Education Reform

Legislators from both parties worked together to make changes that put students first:

  • Invested an additional $3 billion additional state dollars in K-12 classrooms.

  • Created the Read to Achieve program for K-3 students to strengthen literacy by third grade.

  • Established a transparent A-F school grading systemto help keep parents better informed.

  • Provided funding to reduce class sizes in grades K-3.

  • Removed the cap on charter schools and created the opportunity scholarship program to provide more academic choices for families.

  • Created a new North Carolina Teaching Fellows program to attract and retain new teachers to low-performing schools and STEM courses.

One of the key planks of the Reform Majority’s plan to turn around North Carolina for our families and businesses was reforming education.

K-12 Education Spending

TEACHER PAY INCREASES

For years, the level of teacher pay has been one of the ways the public measures educational success in North Carolina.  As a result, there was a concerted effort made to raise the average teacher pay across the state.  The Reform Majority took the following steps to help teachers:

  • Reformed teacher pay by collapsing the antiquated, 32-step pay scale.

  • Passed teacher pay raises in each of the last seven years, totaling over 20%.

  • Raised starting pay by $5,000.

  • The average pay raise for the 2019-2020 biennium was 9%, bringing the average teacher salary in North Carolina to $54,606.

SOURCE: 2008-2020 State Budgets

For the record, average teacher pay raises for NC teachers have risen every year since 2013:

2014    7%

2015    3.8%

2016    4.7%

2017    3.3%

2018    6.5%

2019    2.0% (held up by veto of state budget by Gov. Cooper)

2020    1.9% (held up by veto of state budget by Gov. Cooper)

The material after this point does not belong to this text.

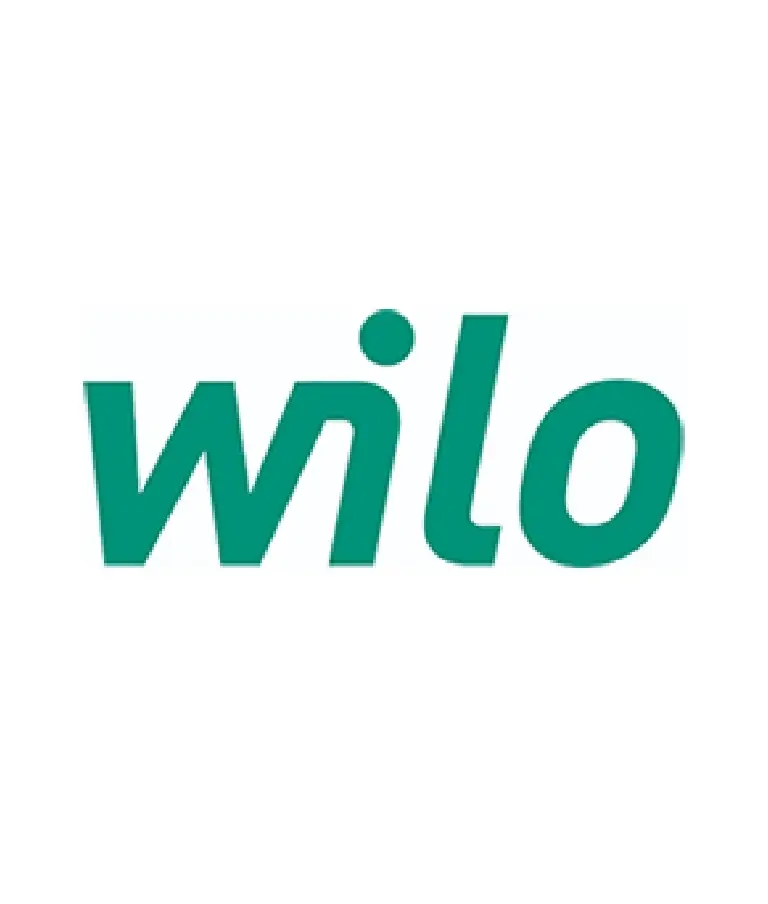 WILO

Maybe just as important, the Reform Majority addressed our schools’ leadership pay as they worked to increase principals’ salaries by 6.2% – providing more than $16 million to raise pay levels for principals in 2019.

SOURCE: Average pay raise calculated by the Fiscal Research Division. Pay raises for 2019-21 are from the 2019 budget bill H966, vetoed by Governor Cooper.

COLLEGE TUITION REFORM

The cost of attending a public university has been on the rise nationally, with tuition and fees steadily increasing.  In 2016, the Reform Majority passed the NC Promise Tuition Plan, giving North Carolina students access to more affordable public higher education options. There are four main pillars to this new NC Promise law:

  1. Guarantees no in-state tuition increases for a standard undergraduate college term (usually 4 years) at all 16 North Carolina public universities. This tuition guarantee would also apply to active members of the military based in North Carolina

  2. Freezes student fees – often used to fund non-academic expenses – at all North Carolina public universities at current levels and limits future increases to no more than three percent per academic year.

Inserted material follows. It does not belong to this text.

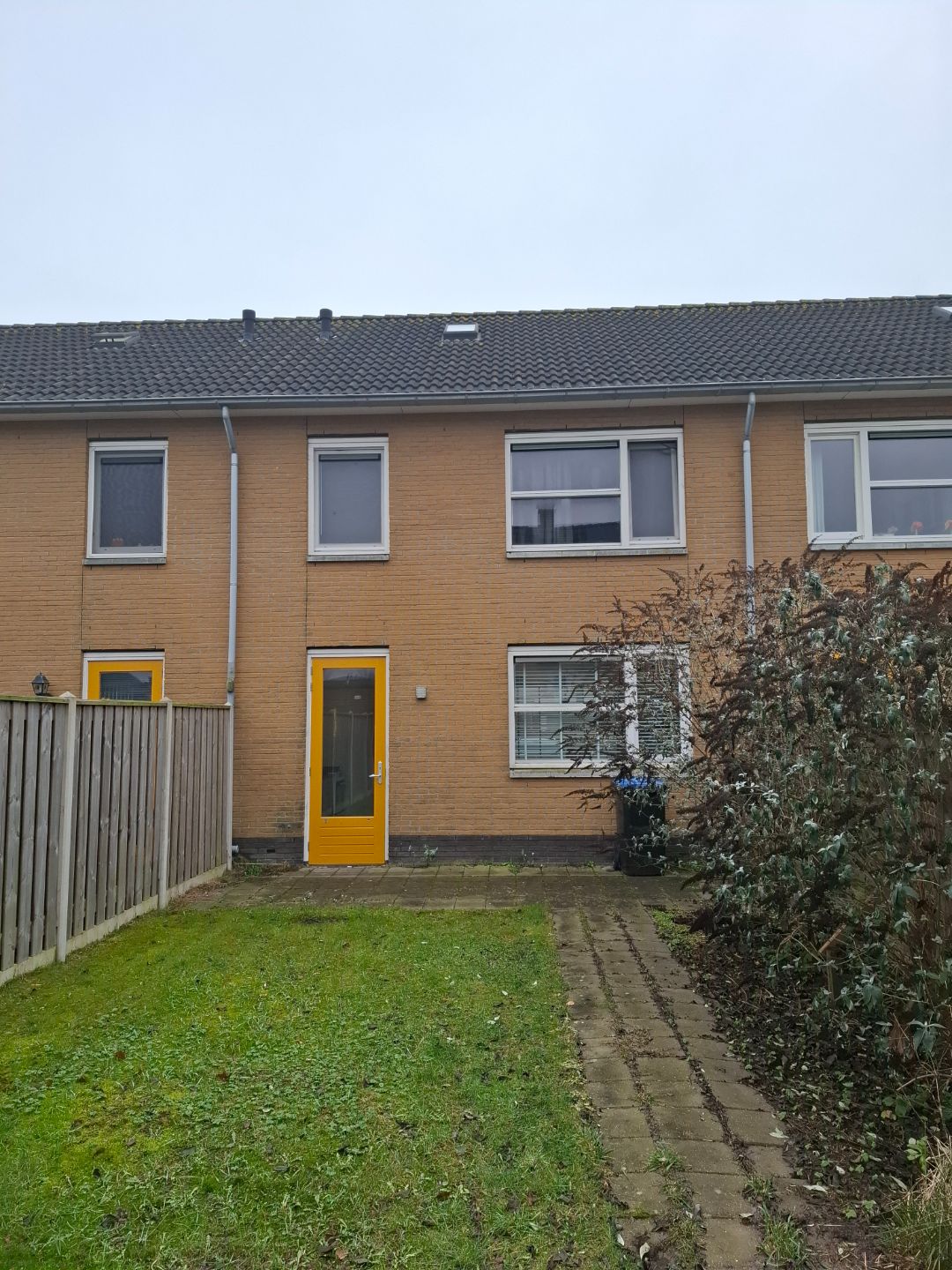 Korendragersgilde 64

  3. Lowers tuition at select universities from the mountains to the coast to $1,000 per academic year ($500 per semester) for in-state students and $5,000 per academic year for out-of-state students beginning Fall 2018 at:

    • Elizabeth City State University

    • University of North Carolina at Pembroke

    • Western Carolina University

  4. Directs $1.8 million annually to award up to 20 scholarships under the new Cheatham-White Merit Scholarship Program for students at North Carolina Central and N.C. A&T universities.

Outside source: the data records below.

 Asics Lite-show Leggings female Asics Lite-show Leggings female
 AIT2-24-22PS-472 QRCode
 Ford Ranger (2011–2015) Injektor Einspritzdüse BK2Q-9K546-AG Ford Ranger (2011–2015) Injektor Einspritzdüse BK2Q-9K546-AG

CHOICE AND CHARTER SCHOOLS

Opportunity scholarships and innovative public charter schools have helped create new and exciting educational opportunities for low-income or disabled students who are stuck in underperforming traditional public schools.

Soon after the Reform Majority ascended to leadership, the legislature allocated $10 million to launch a scholarship program that gave parents and families more educational options. And they lifted the previous legislature’s cap on the number of innovative public charter schools that can operate across the state.

READ TO ACHIEVE PROGRAM

Reforms passed in 2012 required students across North Carolina to read proficiently before the fourth grade, a benchmark proven to put children on a better path and help them achieve more promising outcomes.

The Read to Achieve law was improved in 2014 to offer flexibility to local districts and provide more accessibility for students.